Temprano en mis años mozos, conviví con gentes pobres, barrios enteros sin nada de lujos, plagados de casuchas de barro, yagua y zinc.
En esas vivencias aprendí a ser humilde y honesto, pero igualmente trabajador y lleno de sueños.
Aprendí algo indeleble: en una familia así de pobre, la nobleza de un hombre trabajador y ejemplar padre y esposo, resplandece con más brillo que en cualquier mansión: mientras más negro el ambiente más se cotiza la perla.
Por eso me duele en el alma cuando veo la ligereza con que se le quiere endilgar a la pobreza el auge de todo tipo de lacras en esta lastimosa sociedad dominicana.
Reconozco que en República Dominicana hay mucha pobreza y muchos pobres, pero parece que nadie quiere reconocer que lo más dramático es la pobreza moral y espiritual, y esa abunda más arriba que abajo.
No es verdad que es abajo donde se anidan los hombres más deshonestos, ladrones, asesinos, terroristas y narcotraficantes.
No es en ese nivel donde se desvalija el erario público; no es entre los pobres donde se gestan las más vulgares indelicadezas políticas; no son los infelices los que trafican con enormes fardos de drogas; los miserables mueren; pero son otros los que comandan el sicariato.
A lo sumo, los inferiores son una caja de resonancia de los superiores.

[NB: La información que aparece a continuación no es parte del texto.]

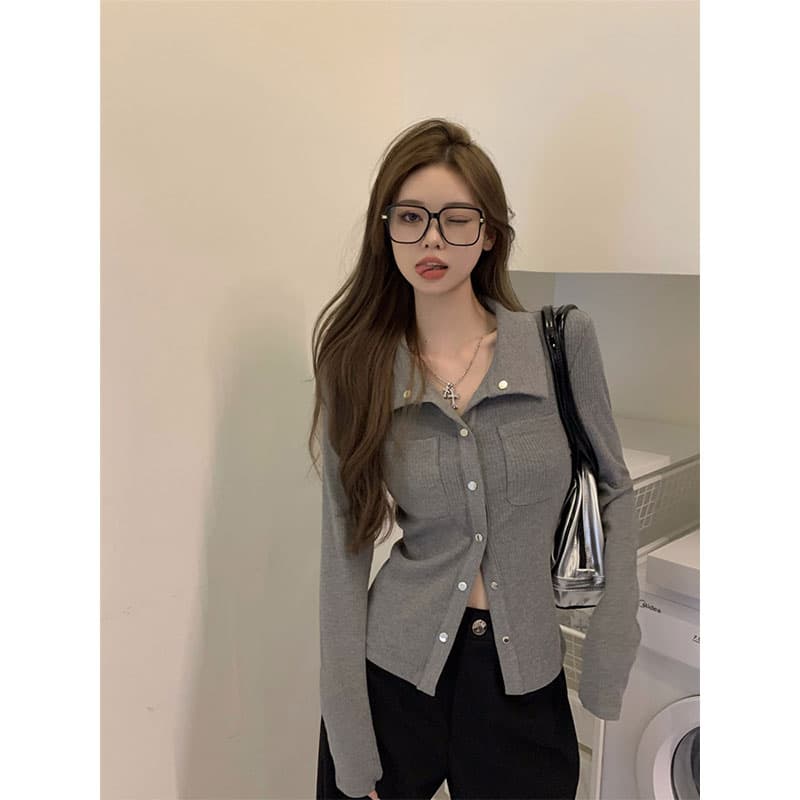 이른 가을 새로운 티셔츠 여성 의류 2026 쇼트 스타일 슬림해 보이는 핫걸 POLO 셔츠 단색 긴팔 오픈 가디건 맨위 상세 이미지 2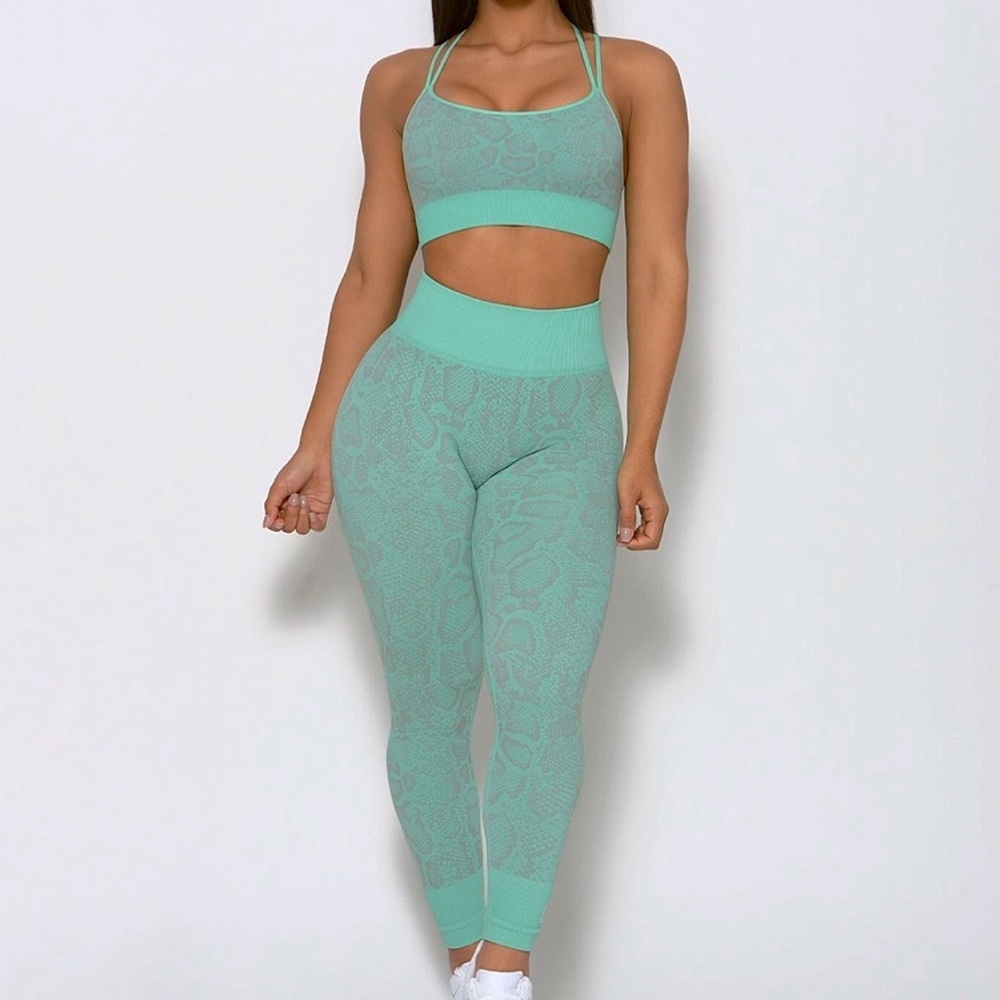 Bombshell sportswear seamless snake print legging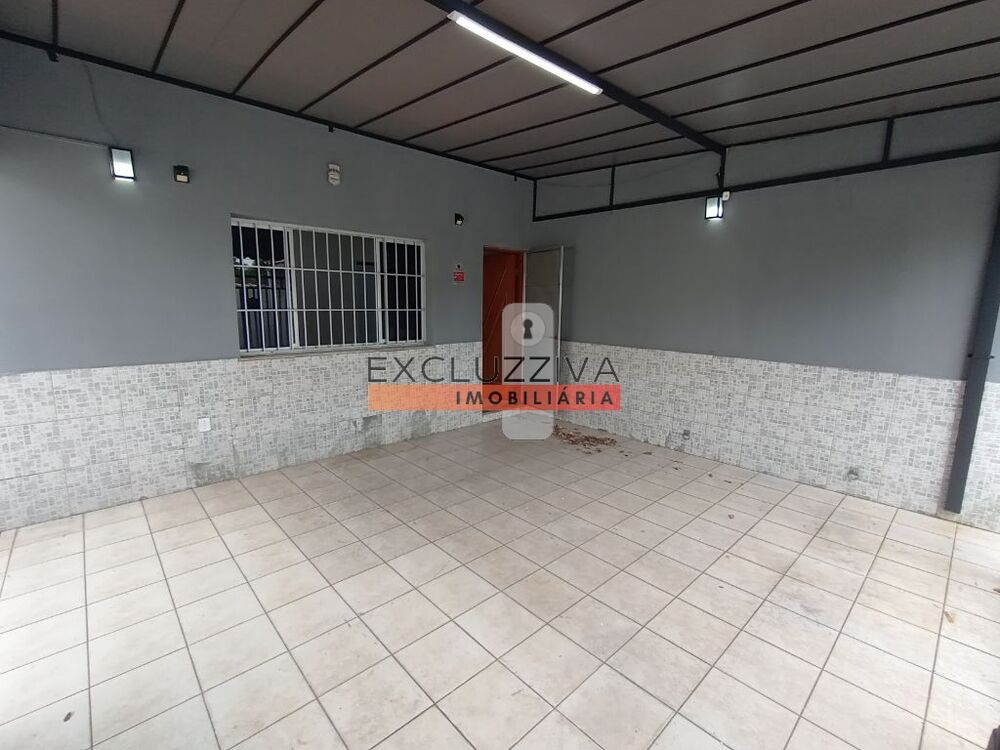 Casa à venda com 3 quartos, 150m² - Foto 2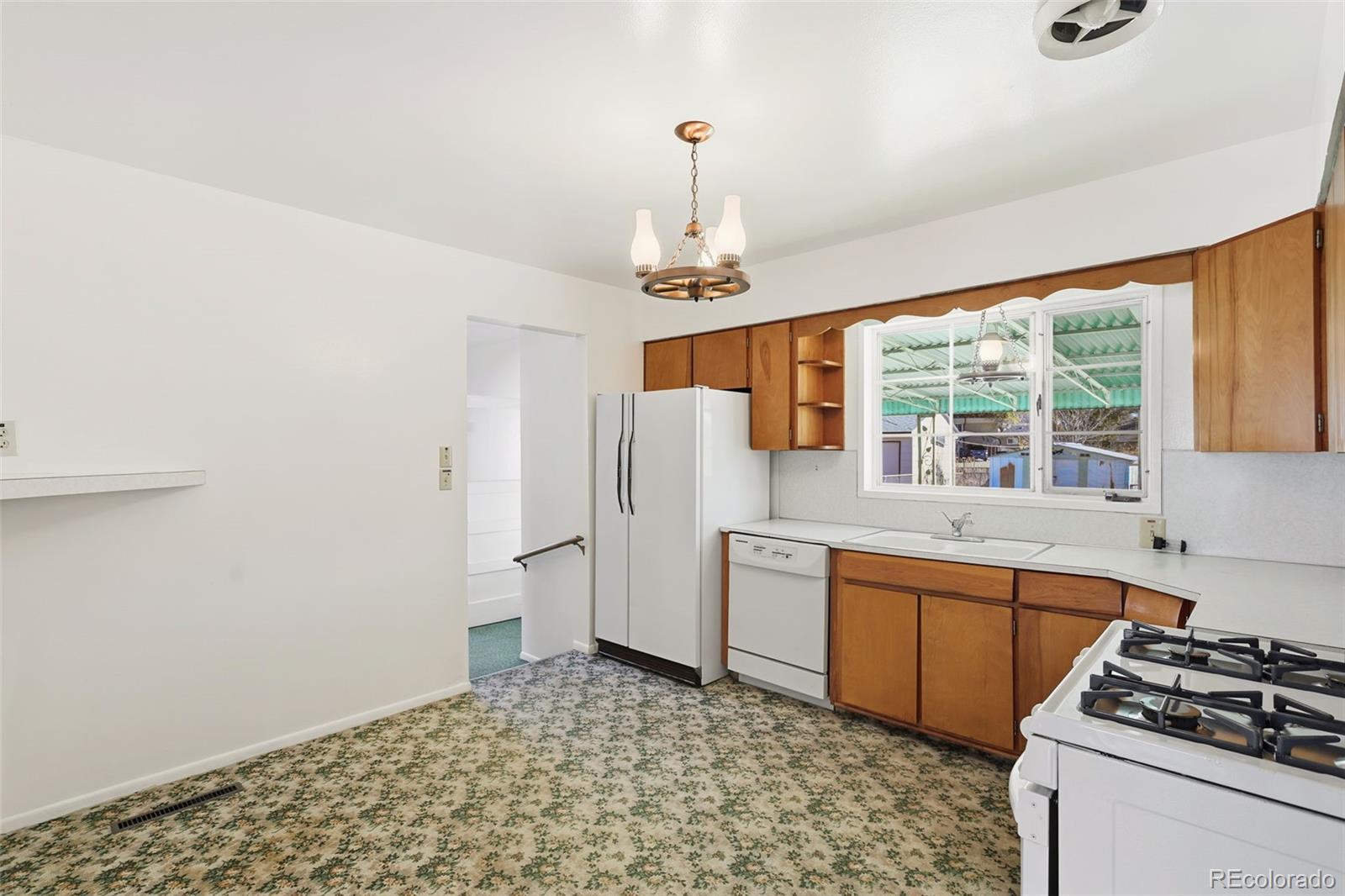 MLS Image #5 for 633  hackberry drive,colorado springs, Colorado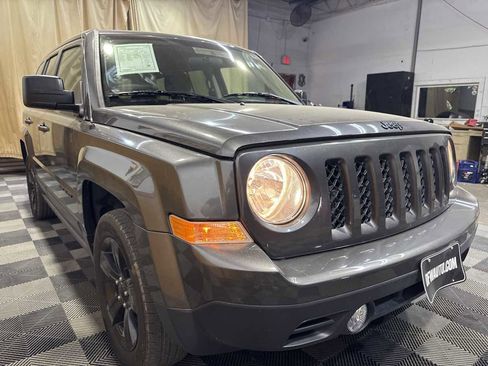 Used 2015 Jeep Patriot Sport w/ Power Value Group image 6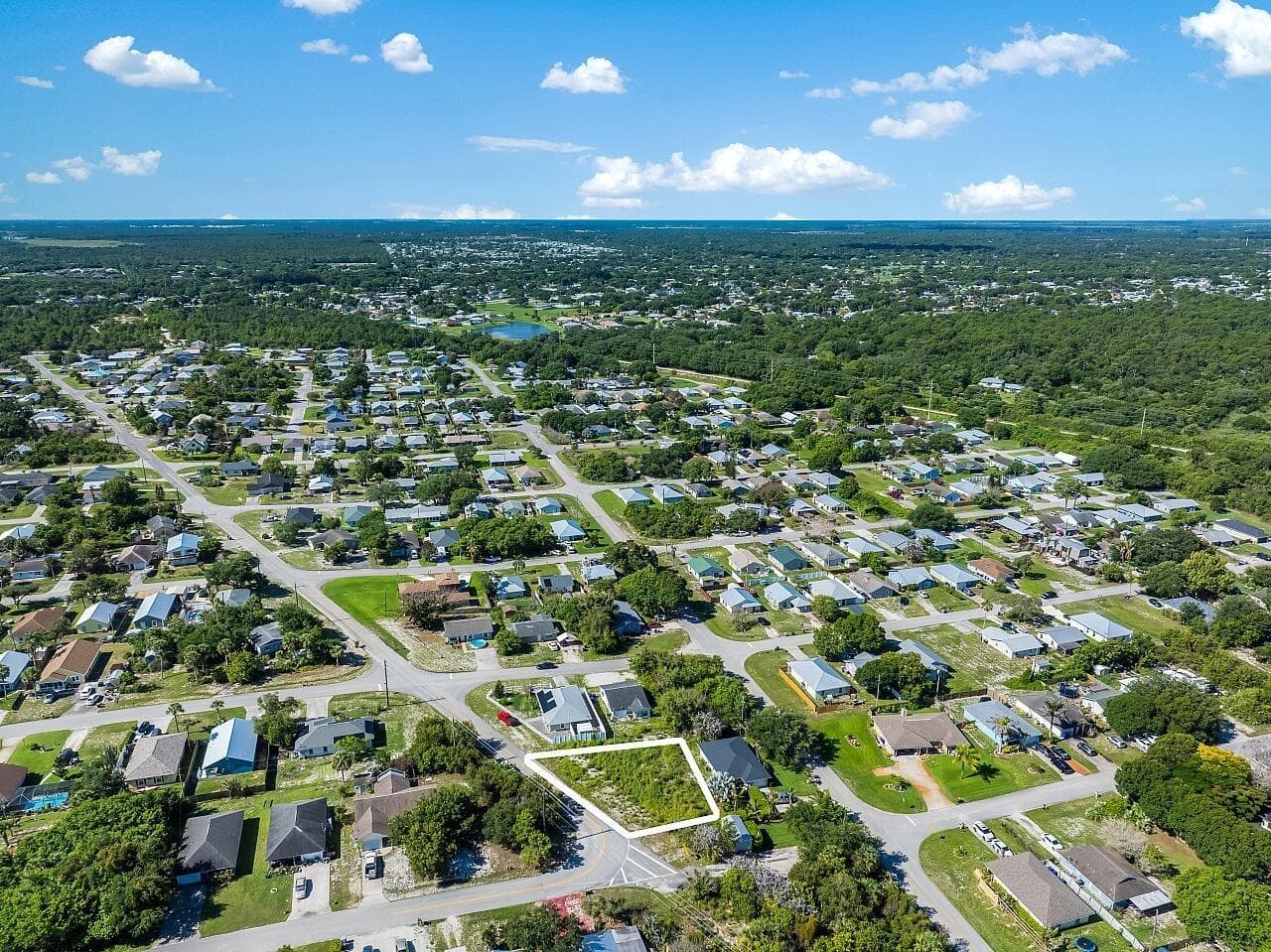 1325 2nd Road SW, Vero Beach, FL 32962 photo 2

Total, los rateros paran en la cárcel o en el cementerio. ¿Y los otros?
Creo de corazón que la principal causa de tanta violencia social se anida en la ostentación descarada de los ricos inorgánicos (improductivos) y en la alegre impunidad de los verdaderos delincuentes, que a menudo ambos son uno.
¡Son otros los que impiden que los recursos alcancen para una educación digna, lo que unido al despilfarro hacen que el pobre se vea y se sienta más miserable y sea fácilmente narigoneable.
Creo que la peor y más dramática violencia se vive en esos hogares sin fogones, sin escuelas, sin agua, sin luz sin vida.
Tengamos misericordia con ellos. Apuntemos más arriba al buscar los culpables.